### Dataset records
_ _ _ _ _

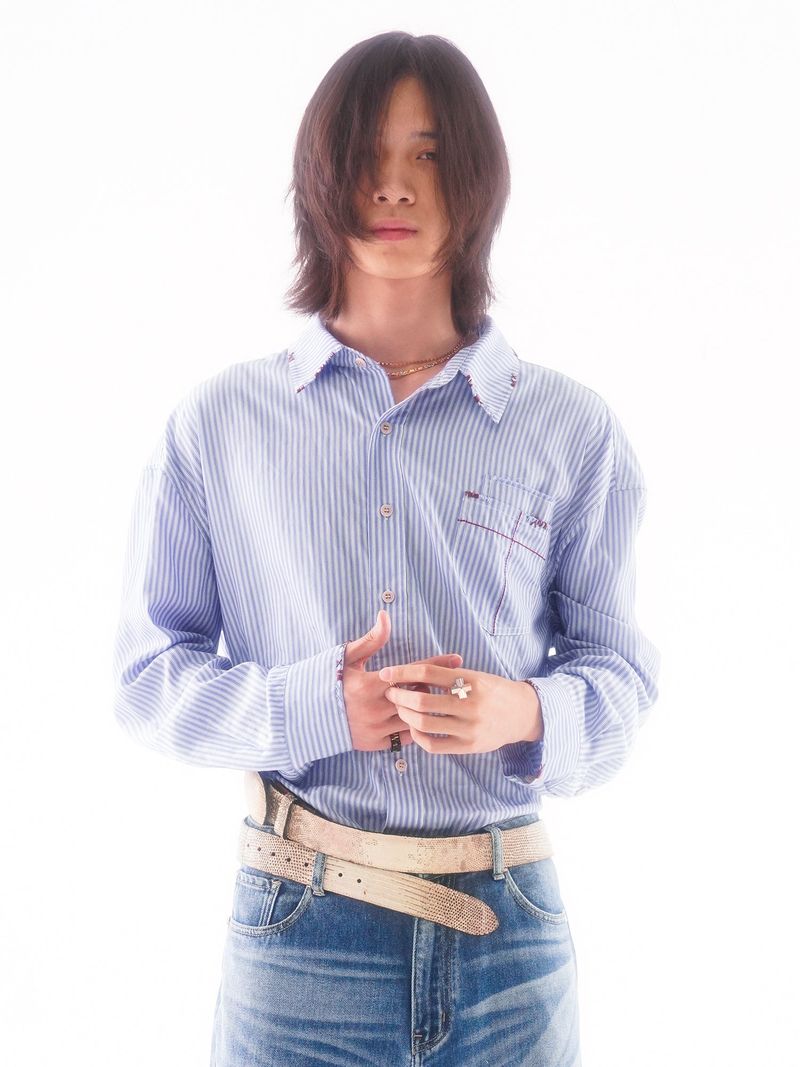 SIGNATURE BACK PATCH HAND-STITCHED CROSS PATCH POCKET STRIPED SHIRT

_ _ _ _ _

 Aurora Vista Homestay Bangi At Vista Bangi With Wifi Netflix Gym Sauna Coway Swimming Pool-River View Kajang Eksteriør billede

_ _ _ _ _

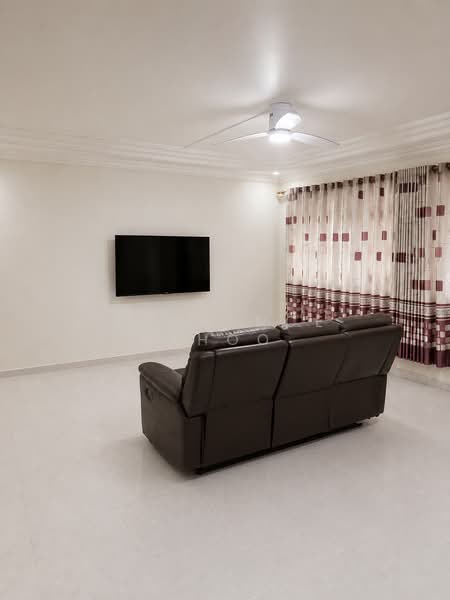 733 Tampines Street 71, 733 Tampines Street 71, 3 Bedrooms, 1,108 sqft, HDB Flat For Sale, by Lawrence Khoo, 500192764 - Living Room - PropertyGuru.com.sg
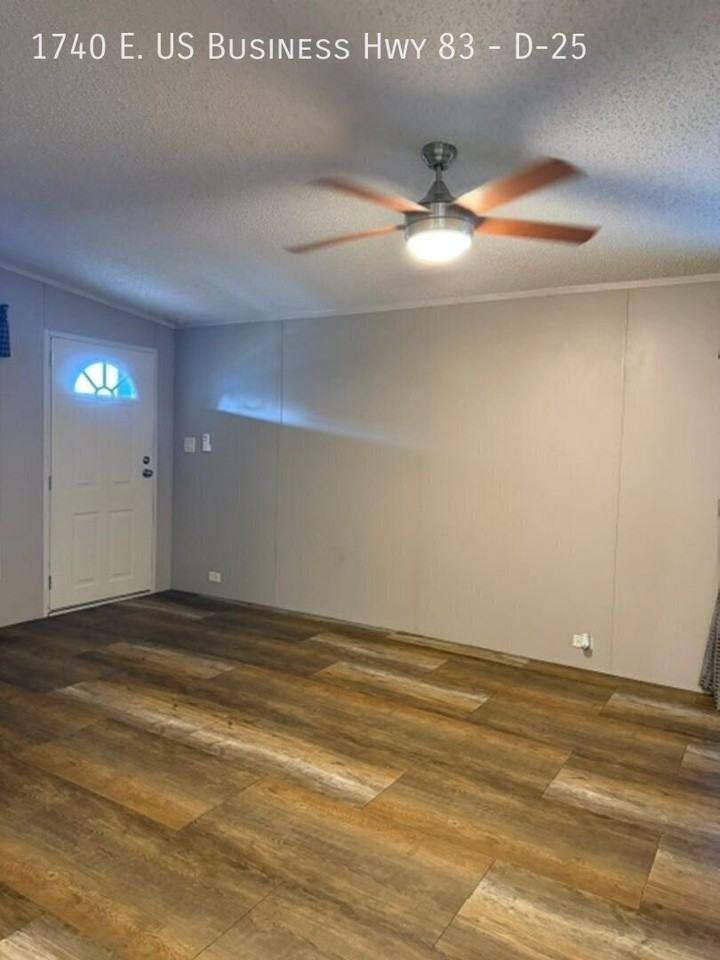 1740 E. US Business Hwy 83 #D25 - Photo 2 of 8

_ _ _ _ _

### Action item
Look above for the line with "733 Tampines Street 71, 733" and the line with "1740 E. US Business", then copy exactly the lines from the first through the second, both kept, with no pictures.

### Result for this exercise
 733 Tampines Street 71, 733 Tampines Street 71, 3 Bedrooms, 1,108 sqft, HDB Flat For Sale, by Lawrence Khoo, 500192764 - Living Room - PropertyGuru.com.sg
 1740 E. US Business Hwy 83 #D25 - Photo 2 of 8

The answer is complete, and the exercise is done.